The strong history of biotechnology can be directly attributed to the men and women working in the field. For them, biotechnology is not just a profession, it is a mission and a call to solve the greatest challenges of our time: unraveling the essence of life and using knowledge in the service of compassion and the name of hope. They are entrepreneurs. They take risks. They are scientifically motivated and stubborn in their refusal to accept status.
The vast majority of companies working with these innovations and biotechnology are small revenue-generating companies. Your success in sourcing new drugs and therapies depends on one key factor: your ability to raise the large amounts of private capital needed to finance these challenging and incredibly risky ventures. This capacity, in turn, depends on a public policy environment that supports innovation and encourages these investments, including the continued promotion of scientific knowledge; strong intellectual property (IP) rights, and a reliable system for IP transmission, licensing, and collaboration; an effective and predictable regulatory review process; and transparent payment systems that reward innovation and encourage competition in the free market.

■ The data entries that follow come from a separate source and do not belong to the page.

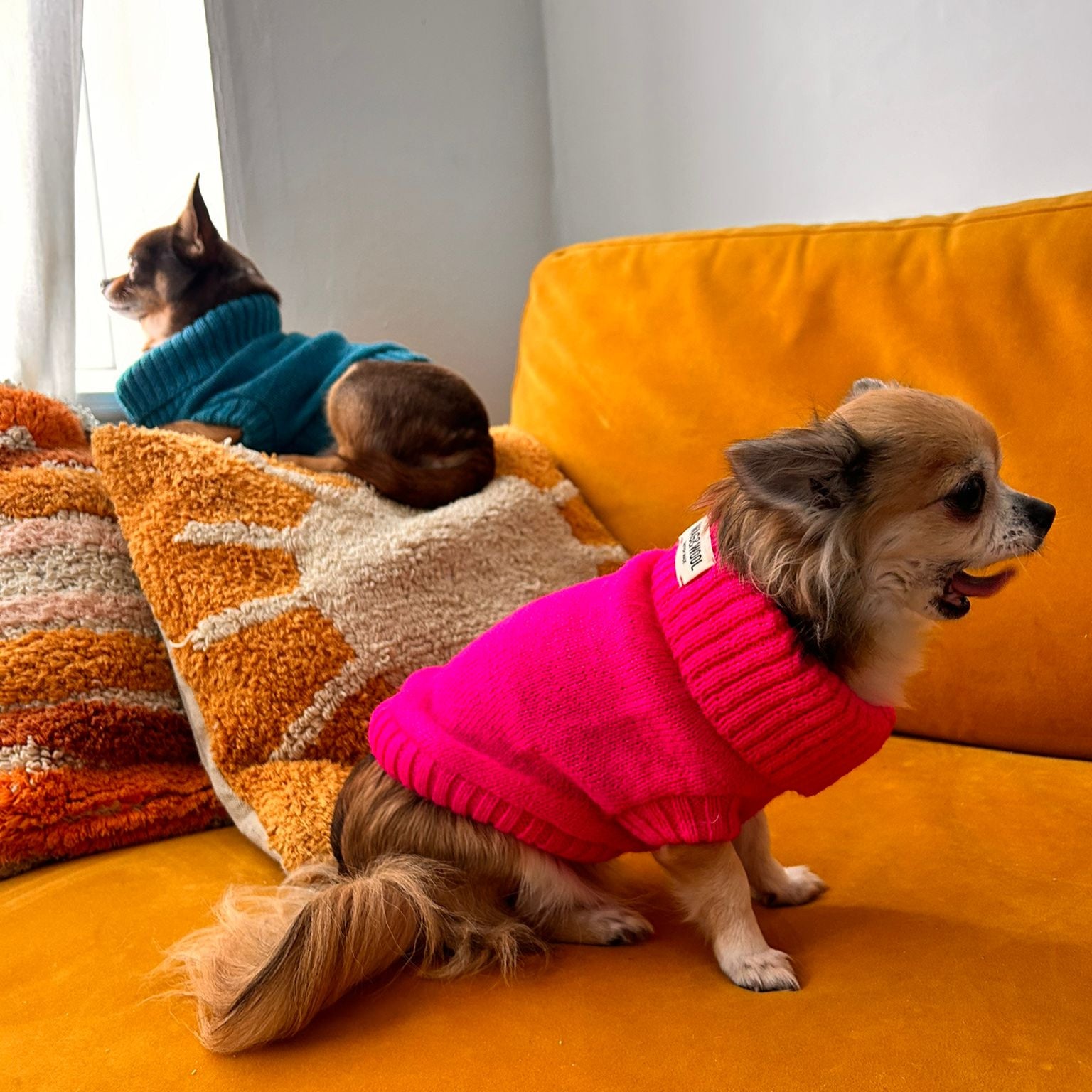 chihuahua warm clothes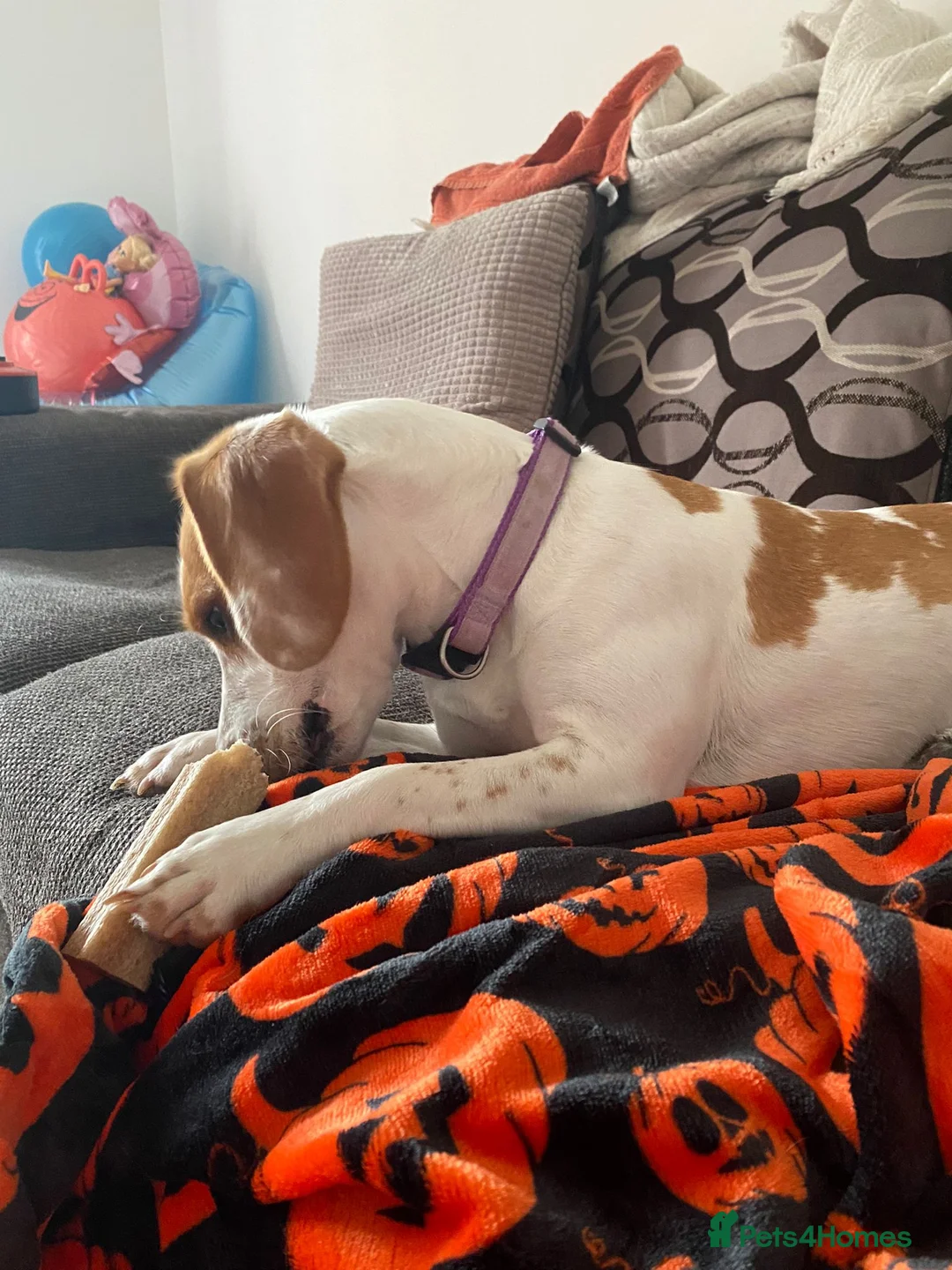 Beagle dogs for sale: Beagle - Advert 5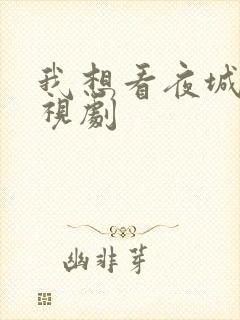 我想看夜城赋电视剧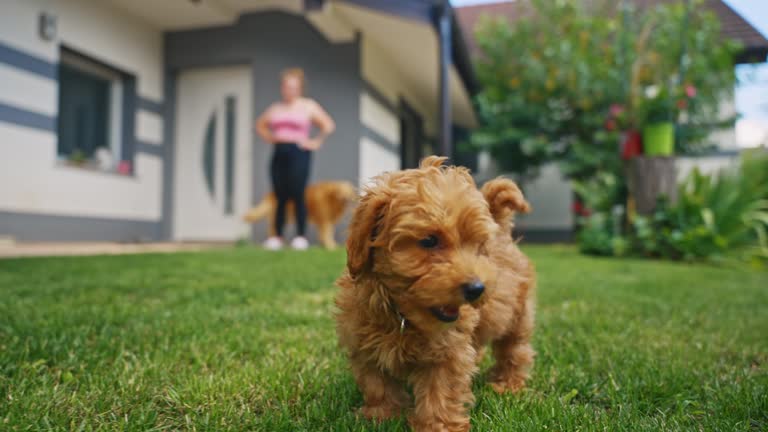 SLO MO Cute Toy Poodle Happily Strolls on the Lush Grass of a Beautiful Lawn Yard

Biotech entrepreneurs take enormous financial risks as they try to innovate and find drugs and therapies for diseases, and this only happens occasionally. Patients benefit and investors get a return on their investments, enabling a continuous cycle of innovation. The market reality is that the return on successful medical innovation should be enough to provide investors (VCs or companies) with a favorable risk profile to invest in the next generation of medical discoveries.